Consulting Fellow: Defence Science and Technology Laboratory
Alumnus Edward graduated with a degree in Mathematics in 1998. Edward has held a number of senior positions in the Defence Science and Technology Laboratory and has a developed a real passion for promoting diversity in STEM. He is also a Visiting Professor within the University's Wolfson School of Mechanical, Electrical and Manufacturing Engineering.
I chose to study at Loughborough because its mathematical sciences department was known as a centre of excellence in applied mathematics, an area which particularly interested me (and still does!) A supplementary factor was that as someone who grew up in rural East Anglia, the green spaces on the campus and in the surrounding Leicestershire countryside were less intimidating than some city-centre universities.
The breadth of applied mathematics covered by my degree were an excellent preparation for my work as a scientist in the public sector. The modules studying the mathematics of areas like fluid and solid mechanics, relativity, quantum, cosmology and neural networks gave insights into subjects like engineering, physics and even biology, this has meant that I have been able to move easily between specialist and generalist scientific leadership roles with, at the least, some language familiarity.
Would there be one piece of advice that you would give to current or prospective students looking to study the same course that you did?
Only study it if you have a real passion for mathematics and its applications, and if you do decide to study maths then do embrace the links between mathematics, other STEM subjects and even the arts.
Did you take part in any extra-curricular activities during your studies? If so, how did this impact upon your Loughborough experience?
I was vice-president of Loughborough Students’ Ballroom Dancing Society and met my now wife in this society. We still enjoy taking to the dance floor at weddings and similar events!
I work for the Defence Science and Technology Laboratory (Dstl), which brings together the defence and security S&T community, including industry, academia, wider government and international partners, to provide sensitive and specialist S&T services to the Ministry of Defence and wider government.

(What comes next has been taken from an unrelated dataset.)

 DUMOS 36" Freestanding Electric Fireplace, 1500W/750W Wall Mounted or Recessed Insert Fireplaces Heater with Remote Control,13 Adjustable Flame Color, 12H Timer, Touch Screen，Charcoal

I joined Dstl’s predecessor organisation as a mathematical modeller on graduating, and as the modelling was of materials I was sponsored to study a Post-Graduate Diploma in Materials for Engineering Applications at the University of Surrey. I subsequently became a staff officer to one of Dstl’s directors, essentially helping them plan their time, taking minutes of their meetings, preparing presentations and organising events.
I then became an operational researcher, and led both near term research supporting UK forces on operations and more long term research to support major procurement decisions. I then became a team leader, and spent four years leading two teams of operational researchers that provided support to the UK Military in procurement decisions. I was then appointed Programme Manager for Air Enabling Capabilities and Technologies, when I led all of the MOD’s scientific research into aircraft safety.
Finally, in my current role, I am leading elements of the Dstl strategy to use UK S&T capabilities more effectively and efficiently by building partnerships and better ways of working.
I love the breadth of my current job, one day I will be discussing electronic engineering facilities and the next could be discussing ships that are used for maritime trials. I also get to travel both in the UK and occasionally overseas, which adds variety to life. I am an enthusiastic mentor and love this aspect of my work, listening to more junior colleagues and encouraging and enabling their development.
I expect to be carrying out my current role for at least another year, then I hope to get another role that plays to my strengths in leadership and building S&T capabilities through partnering. I have recently been asked to join Loughborough University School of Science’s Industrial Advisory Board, and I have also been asked to speak in the Mathematical Sciences department about public sector careers in maths, and am looking forward to spending time on campus and rekindling my Loughborough links.
I was awarded the Iraq Medal for a three-month deployment to Iraq conducting operational research for UK forces based in Basra.
I hold Fellowships in the Institute of Mathematics and its Applications, the Royal Aeronautical Society and the Royal Society of the Arts, and I am a Chartered Mathematician and Scientist. Outside work I am a non-executive director and trustee of an arts-based charity and a Governor and non-executive director of the University of Winchester.